[[ MATERIAL FOR THIS TASK open ]]
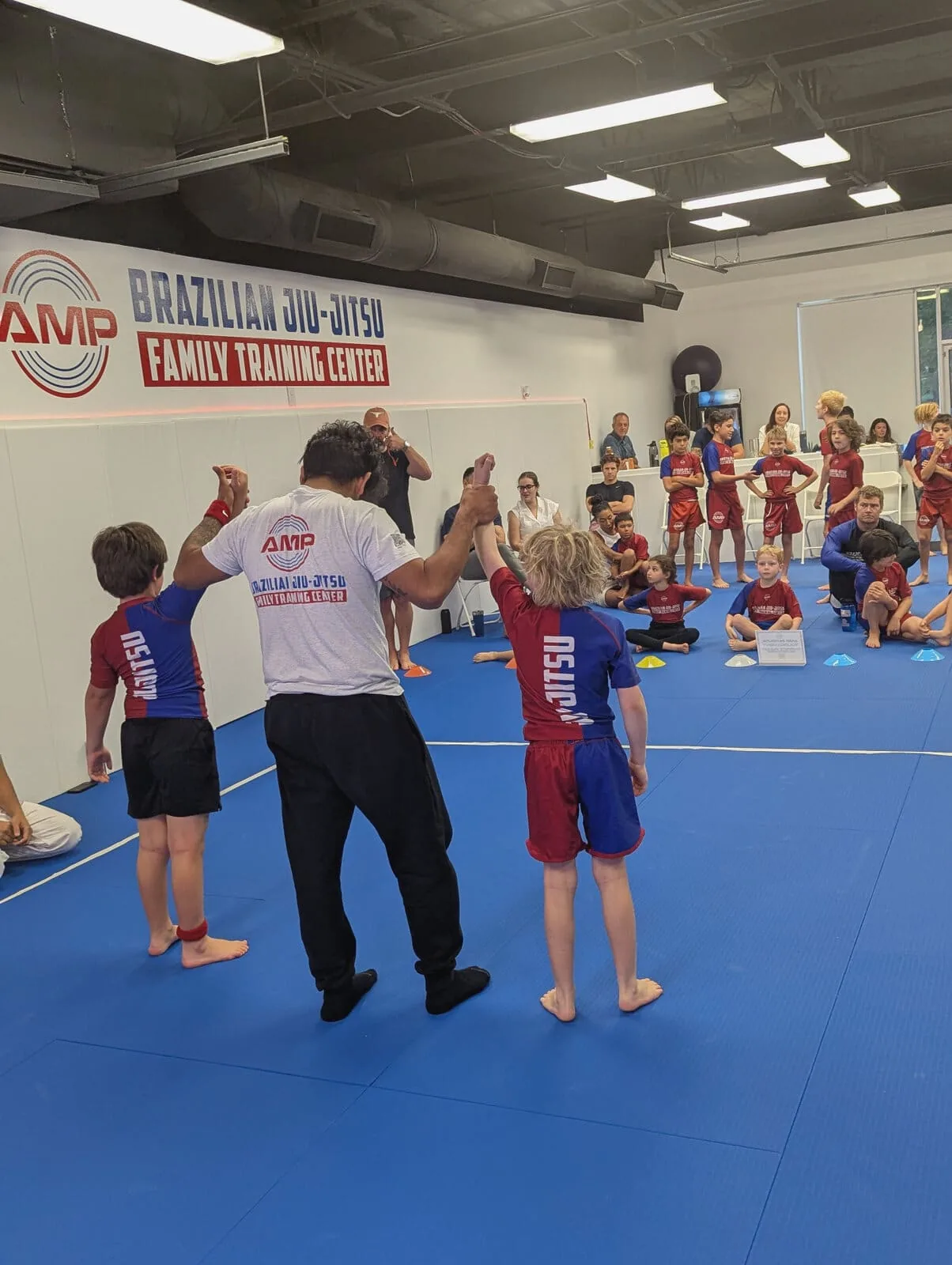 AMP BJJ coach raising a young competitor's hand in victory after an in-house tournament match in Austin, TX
[[ MATERIAL FOR THIS TASK closed ]]
[[ MATERIAL FOR THIS TASK open ]]
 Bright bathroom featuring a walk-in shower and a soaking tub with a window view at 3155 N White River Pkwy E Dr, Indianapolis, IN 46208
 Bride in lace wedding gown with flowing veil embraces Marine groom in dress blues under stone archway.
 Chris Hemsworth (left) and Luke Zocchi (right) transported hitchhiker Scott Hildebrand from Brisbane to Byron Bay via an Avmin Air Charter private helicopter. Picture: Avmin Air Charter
[[ MATERIAL FOR THIS TASK closed ]]
[[ MATERIAL FOR THIS TASK open ]]
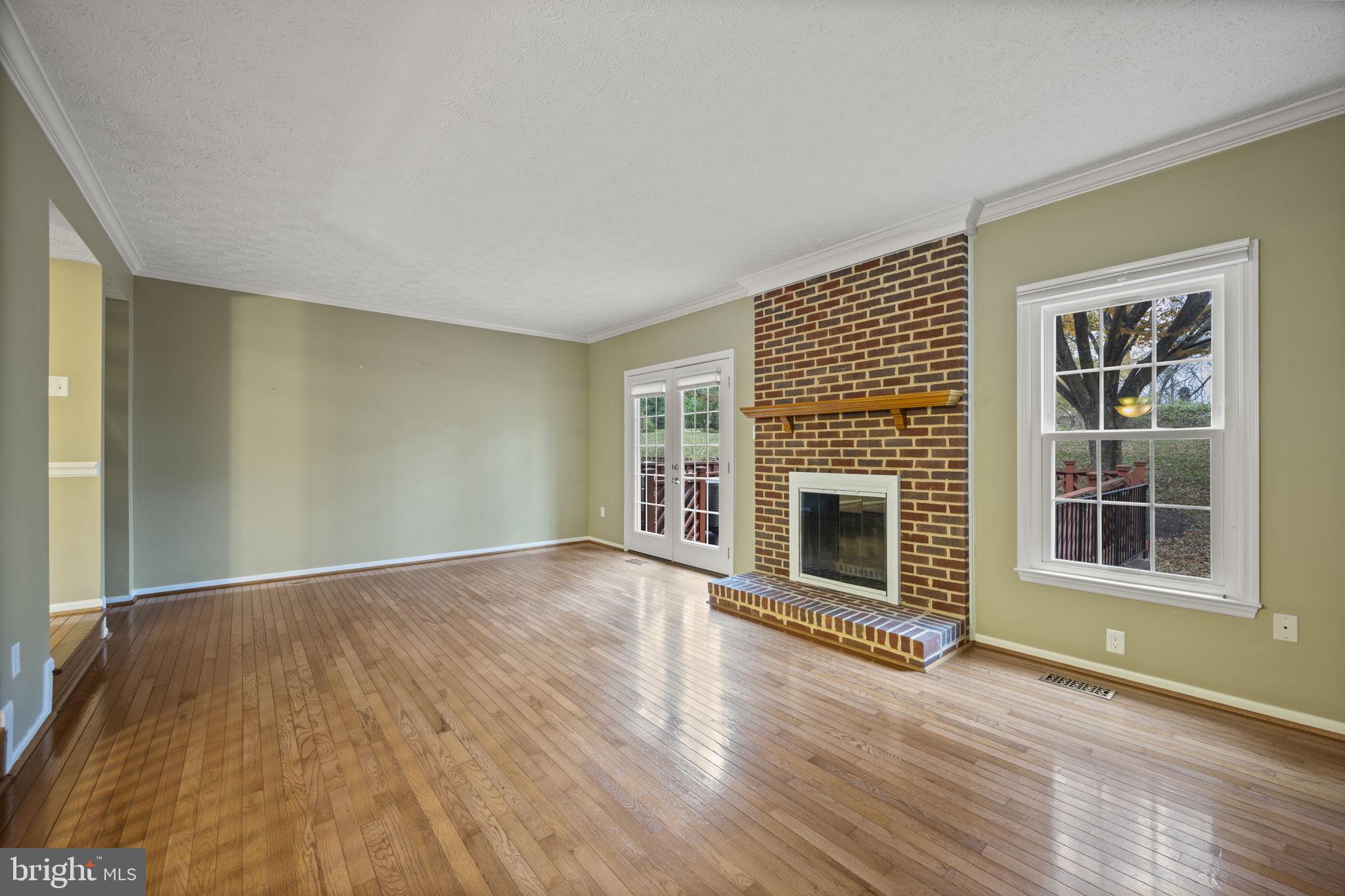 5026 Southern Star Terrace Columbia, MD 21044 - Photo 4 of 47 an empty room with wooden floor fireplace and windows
[[ MATERIAL FOR THIS TASK closed ]]
EXERCISE PROMPT: When you reach the line in the material above that holds "Bride in lace", begin reproducing lines exactly, and stop after the line that holds "Chris Hemsworth (left)".

TASK RESPONSE:
 Bride in lace wedding gown with flowing veil embraces Marine groom in dress blues under stone archway.
 Chris Hemsworth (left) and Luke Zocchi (right) transported hitchhiker Scott Hildebrand from Brisbane to Byron Bay via an Avmin Air Charter private helicopter. Picture: Avmin Air Charter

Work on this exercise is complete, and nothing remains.